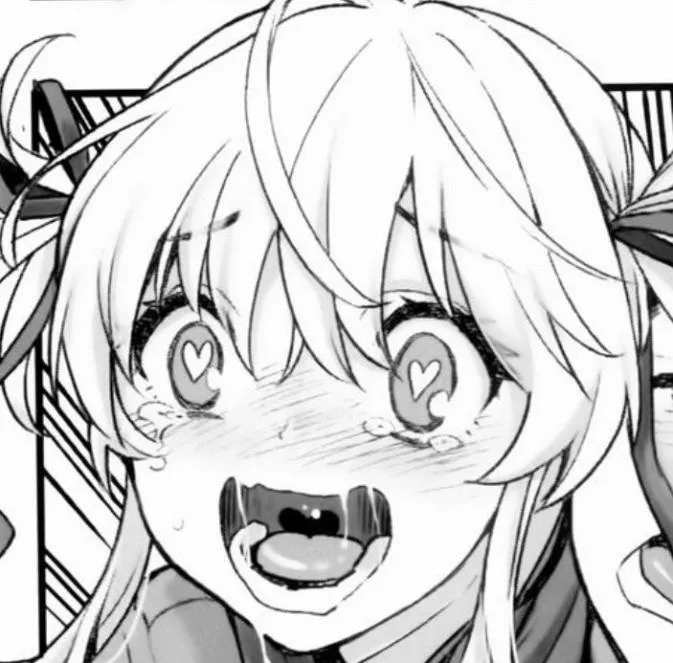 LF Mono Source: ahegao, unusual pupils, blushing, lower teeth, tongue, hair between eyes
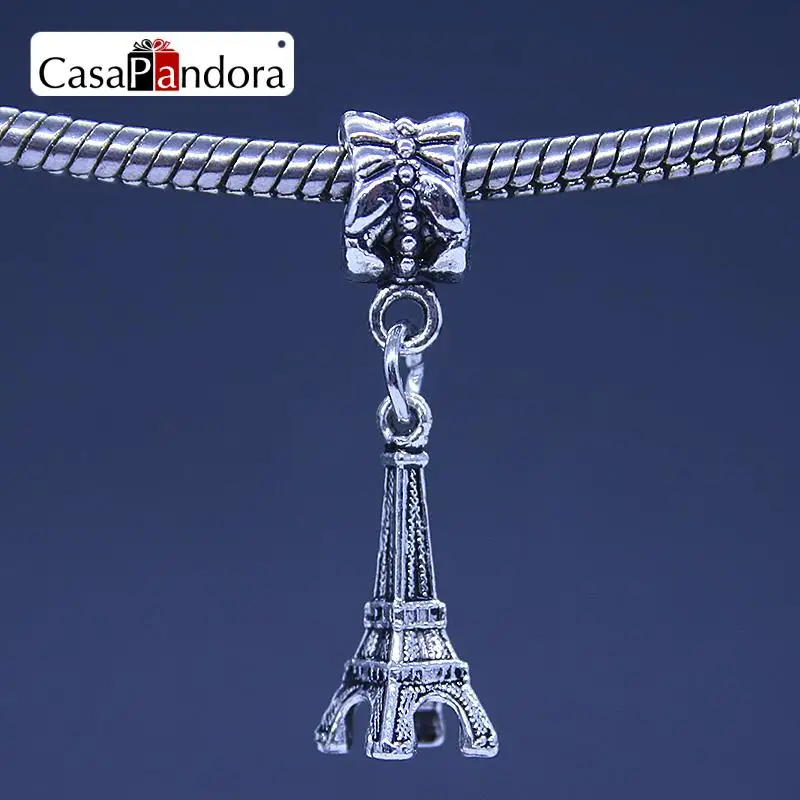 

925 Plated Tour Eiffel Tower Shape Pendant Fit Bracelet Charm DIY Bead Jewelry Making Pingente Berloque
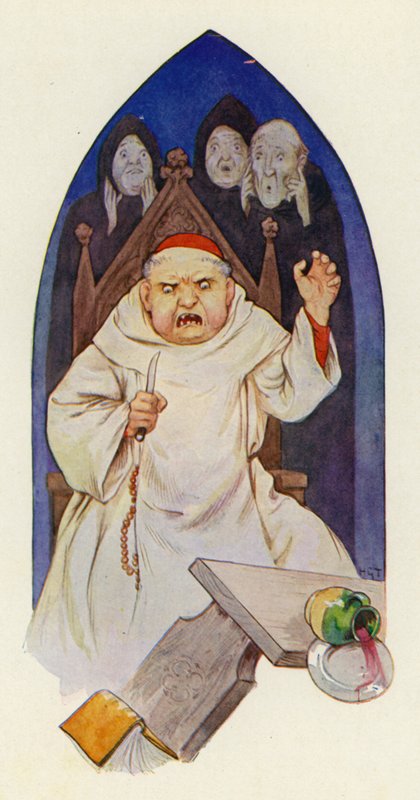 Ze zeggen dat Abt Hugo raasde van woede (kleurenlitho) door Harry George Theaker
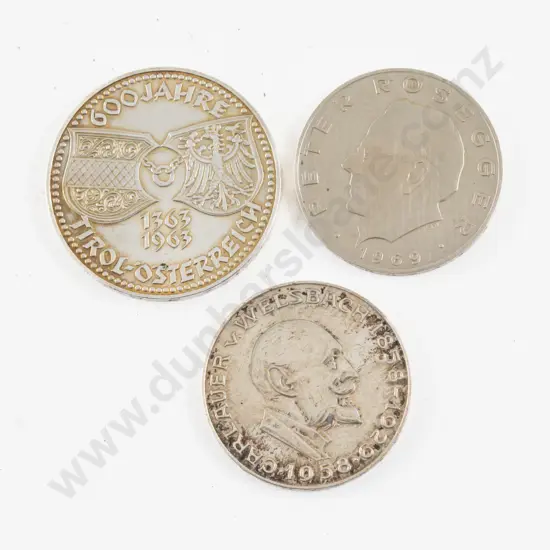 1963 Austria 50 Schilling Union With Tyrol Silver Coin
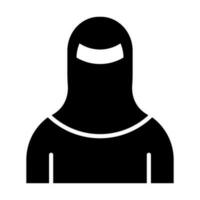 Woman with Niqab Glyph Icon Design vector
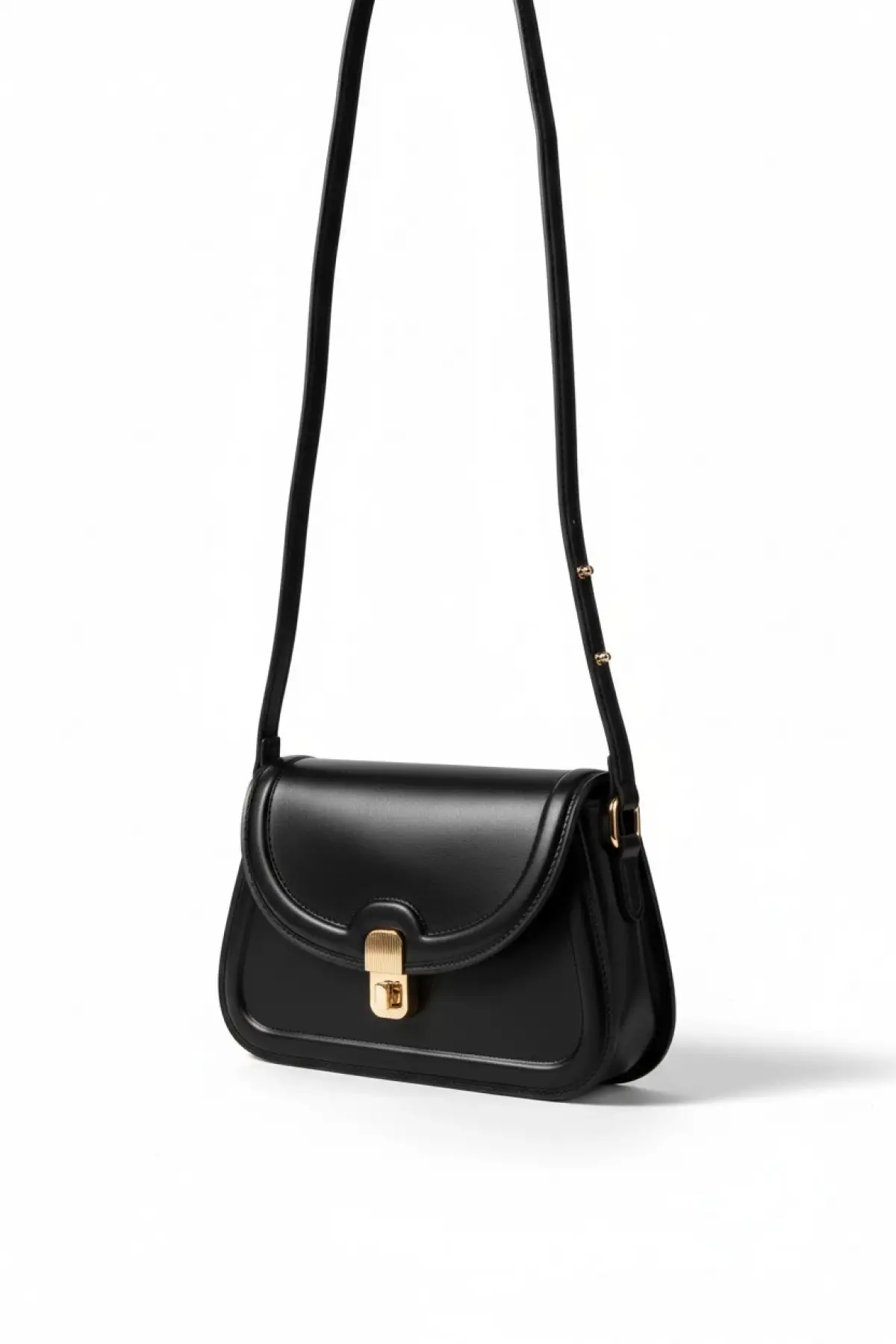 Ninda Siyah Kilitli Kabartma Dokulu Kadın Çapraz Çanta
----
### BRIEF
An answer that restates all the entries exactly and drops the images is what is needed.

### TASK RESPONSE
 LF Mono Source: ahegao, unusual pupils, blushing, lower teeth, tongue, hair between eyes

925 Plated Tour Eiffel Tower Shape Pendant Fit Bracelet Charm DIY Bead Jewelry Making Pingente Berloque
 Ze zeggen dat Abt Hugo raasde van woede (kleurenlitho) door Harry George Theaker
 1963 Austria 50 Schilling Union With Tyrol Silver Coin
 Woman with Niqab Glyph Icon Design vector
 Ninda Siyah Kilitli Kabartma Dokulu Kadın Çapraz Çanta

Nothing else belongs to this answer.